Avez-vous une anecdote marquante vécue depuis votre arrivée sur le territoire?
Laurent Alberti: Je parlais des différences culturelles, l’état des lieux d’un appartement en est une. Ici, il est toujours livré en excellent état, et absolument tout est consigné dans l’état des lieux. Mais ça veut donc dire qu’à la sortie, il faudra faire aussi un état des lieux extrêmement précis et laisser un appartement cliniquement stérile (rires)! Ce qui m’avait surpris personnellement, c’est quand le propriétaire m’avait expliqué pendant 30 mn comment trier mes poubelles.

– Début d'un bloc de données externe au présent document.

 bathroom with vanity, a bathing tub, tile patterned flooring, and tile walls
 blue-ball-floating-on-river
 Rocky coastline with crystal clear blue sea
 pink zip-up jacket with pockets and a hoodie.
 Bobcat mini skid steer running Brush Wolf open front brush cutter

Cécile Heïdi Clonts: Le tri de la poubelle je ne l’ai toujours pas complètement intégré (rires)! À mes débuts en Suisse, quand je pensais pouvoir monter dans les bus stationnés au feu rouge, habitude parisienne (gagner du temps! ) … mais on m’en interdisait l’accès… cela m’agaçait. Maintenant j’en ris! Dans le cadre professionnel, ce qui m’a le plus marqué ce sont ces réunions menées en plusieurs langues (allemands, anglais, français) selon ce qui mettait les interlocuteurs à l’aise. Un vrai signe d’ouverture.
Quels conseils donneriez-vous à un Français souhaitant s’installer en Suisse?
Laurent Alberti: En Suisse alémanique, le meilleur conseil c’est d’avoir un bon niveau d’allemand, sauf si on est assuré de travailler en anglais et qu’on assume de vivre dans le monde de l’expatrié qui ne parle qu’anglais. Sinon, rester humble, ouvert, écouter et laisser du temps au temps sont les meilleurs gages pour développer son réseau ici.
Cécile Heïdi Clonts: C’est exactement les conseils que l’on donne aux entreprises, qui ont souvent tendance à vouloir répliquer le mode de fonctionnement français. Il faut changer de logiciel.
Comment voyez-vous l’avenir de votre mission ou de votre présence en Suisse?
Cécile Heïdi Clonts: Côté professionnel, le quotidien est tellement varié du fait de la typologie des interlocuteurs et des sujets traités, le tout en lien avec le contexte commercial et économique mondial, que les perspectives sont en fait nombreuses, et j’ai encore beaucoup d’idées à mettre en œuvre. D’un point de vue personnel, nous sommes là pour une période plus ou moins longue, alors on s’efforce autant que possible de découvrir la Suisse et ses spécificités. Je n’ai pas encore parcouru les vignobles suisses!
Laurent Alberti: Au niveau pro, l’activité du consulat se poursuit, nous avons des projets immobiliers pour l’année prochaine. Au niveau perso, on est envoyé ici pour 3 ou 4 ans, et puis l’avenir est ouvert.
Que pensez-vous du site Ma vie en Suisse et les opportunités de notre partenariat?
Laurent Alberti: Pour nous c’est un site extrêmement important, complémentaire des informations administratives données par le Consulat Général (renouvellement de passeport, déclaration de naissance, bourse scolaire, élections etc.), notamment sur la partie vie quotidienne.
Cécile Heïdi Clonts: Pour ma part, à titre personnel, cela m’aurait été très utile quand je me suis installée en Suisse, l’outil est extrêmement complet pour préparer son installation. Du côté de Business France, nous recommandons le site au personnel français des entreprises que l’on côtoie, mais aussi à nos 240 VIE (Volontaires internationaux en entreprises) dont nous avons la charge… parce que s’expatrier en Suisse en tant que jeunes comporte aussi son lot de difficultés! MVES leur est précieux!